The programmes were started to help jobseekers acquire new skills so that they can switch industries or specialise in a different field.

The improved success rate is encouraging, Manpower Minister Lim Swee Say said in Parliament yesterday, when he gave an update on the Government's efforts to support jobseekers.

Mr Zaqy Mohamad (Chua Chu Kang GRC) had asked about the programmes' take-up rates.

Mr Lim said the 1,300 successful candidates form about half the pool of people whom the programmes tried to match with jobs.

The rest may have found work on their own or through other means, like the National Jobs Bank.

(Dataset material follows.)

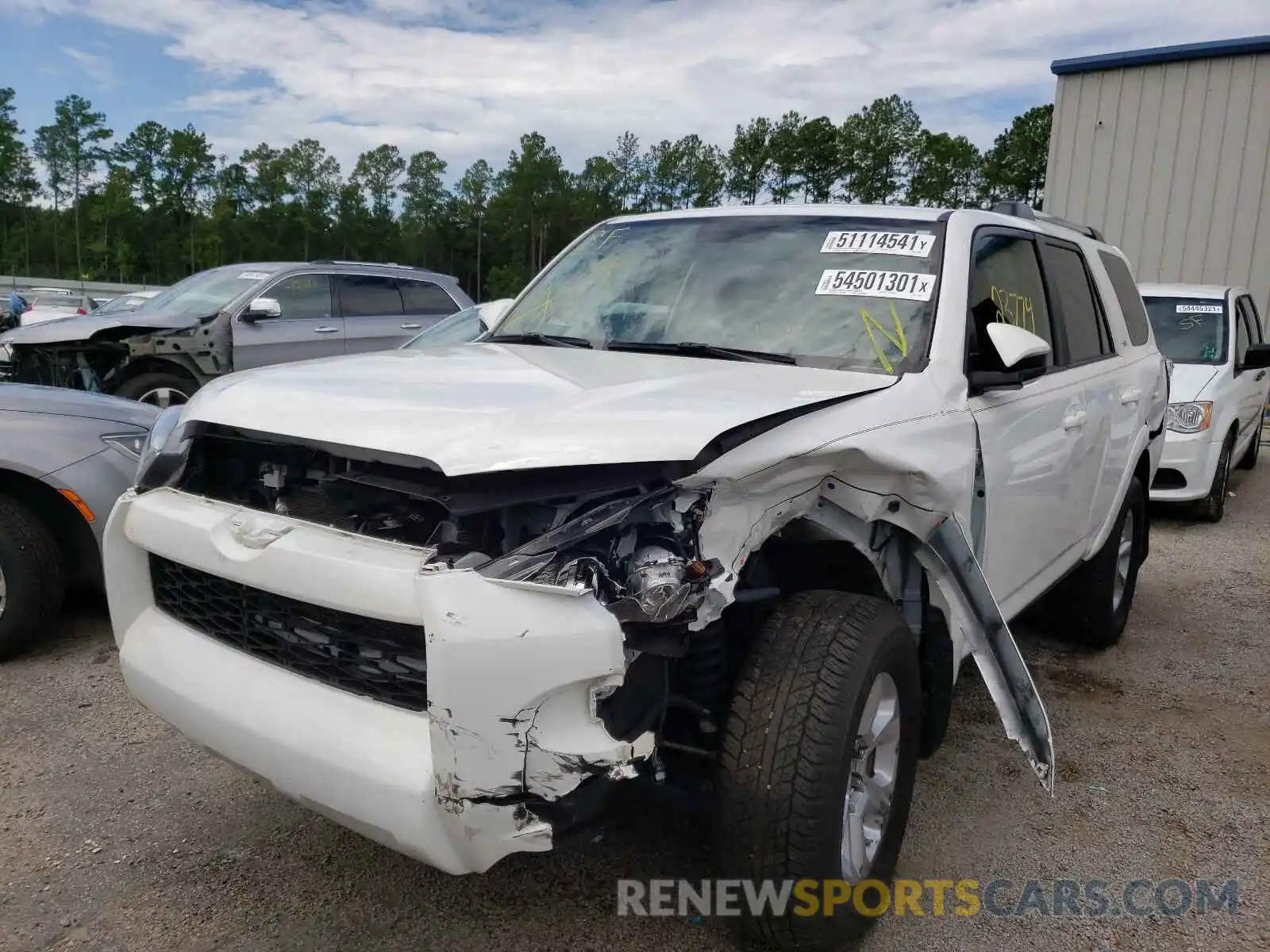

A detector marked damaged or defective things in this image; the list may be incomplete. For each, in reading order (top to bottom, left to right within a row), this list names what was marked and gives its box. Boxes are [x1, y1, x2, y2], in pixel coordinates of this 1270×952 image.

"Our success rate of helping jobseekers to find jobs... has been fairly balanced and inclusive," Mr Lim said, giving a demographic breakdown of all the successful jobseekers helped by the Manpower Ministry's Adapt and Grow support programmes.

About three in five were rank-and-file workers, while the rest were professionals, managers, executives and technicians (PMETs). Around two in five were 50 or older.

A third of successful jobseekers had been out of work for more than six months, putting them in the category of the long-term unemployed.

Mr Lim acknowledged that older PMETs may find it harder to get a new job in a new field, noting that most of those who change jobs end up at the bottom of the ladder.

This may discourage older PMETs from embarking on a new career, he said.

He hinted that the Manpower Ministry might announce measures to improve professional conversion programmes to address this challenge. These could be unveiled during the debate on its annual budget in Parliament next month.

The conversion programmes began in 2007. Since then, with economic restructuring and slowing local workforce growth, the risk of mismatch between jobseekers and jobs created has risen.

To minimise the risk, the Government recently doubled the number of conversion programmes to cover more sectors. There were 50 programmes at the end of last year, compared with 22 at the start of the year.